Mais le roi Sobrin, qui est présent, le dissuade de ce projet, en lui disant que ce serait peu convenable à la majesté royale. Quand bien même il aurait la ferme espérance, la certitude de revenir victorieux, il en recueillerait plus de blâme que d’honneur, car on ne manquerait pas de dire qu’il aurait vaincu une femme.

Il recueillerait peu d’honneur, et courrait un grand danger en engageant la bataille avec elle. Le meilleur conseil qu’il puisse lui donner est de laisser pendre Brunel. Et quand il n’aurait qu’à faire un signe de tête pour l’arracher au nœud coulant, il ne devrait pas faire ce signe, afin de ne pas s’opposer à ce que la justice ait son cours.

« Si tu veux avoir satisfaction sur ce point — disait-il — tu peux envoyer à Marphise quelqu’un qui lui promette de ta part que la corde sera mise autour du cou du larron, ce qui lui donnera satisfaction à elle-même.
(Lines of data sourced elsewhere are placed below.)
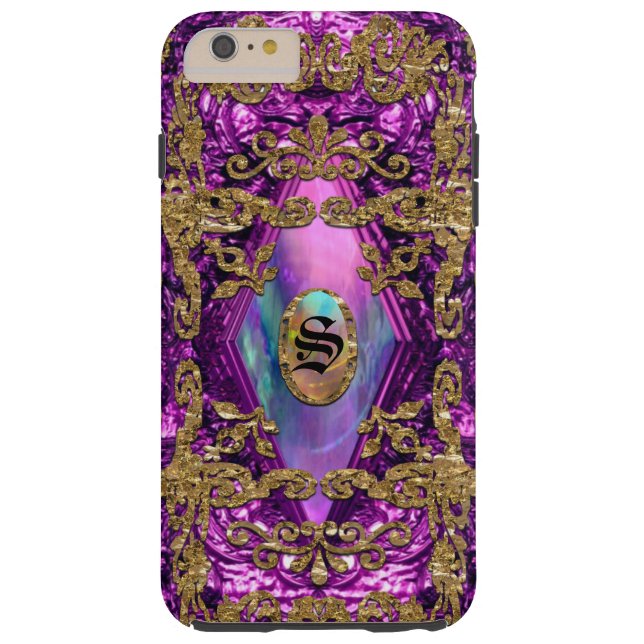 Dempsey Plum Elegant 6/6s Monogramm Case-Mate iPhone Hülle (Rückseite)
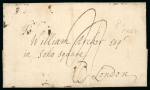 Stamp of Ireland » Pre-Stamp Postal History » Early Period - 1657-1784 1737 (15.4) Folded entirely from Ballymena, County Antrim, via Dublin to London, showing on reverse unusual and clear albino abbreviated B-MENA linear hs, with clear C'TRY alongside and London arrival bishop mkg '25/AU',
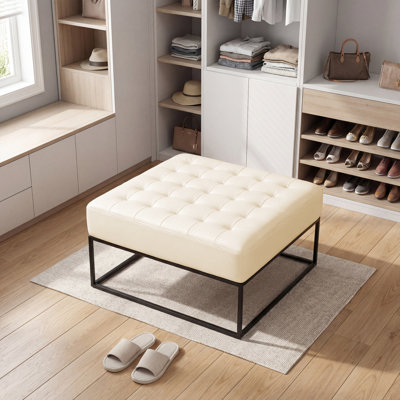 Owen Genuine Leather Square Ottoman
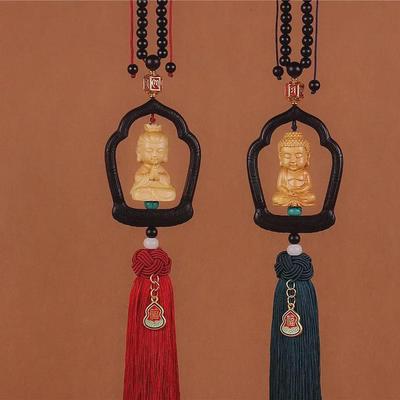 "Přívěsek na klíče Buddha Guanyin ze santalového dřeva": Retro amulet do zpětného zrcátka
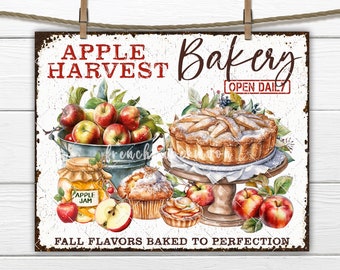 Apple Harvest Bakery Rustic Fall Farmhouse Apple Pie Apple Bucket Wreath Accent DIY Sign Making Fabric Transfer Wall Decor Digital Print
Et si elle s’obstine à se refuser de te le livrer, respecte son désir ; car il ne faut pas que ton amitié protège Brunel ni aucun autre voleur. »

Le roi Agramant se rendit volontiers au raisonnement discret et sage de Sobrin. Il laissa Marphise tranquille, et ne permit pas que personne allât lui faire outrage. Il ne voulut pas non plus envoyer vers elle. Il s’y résigna, Dieu sait avec quel effort, afin de pouvoir apaiser de plus graves querelles et de purger son camp de toutes ces rumeurs.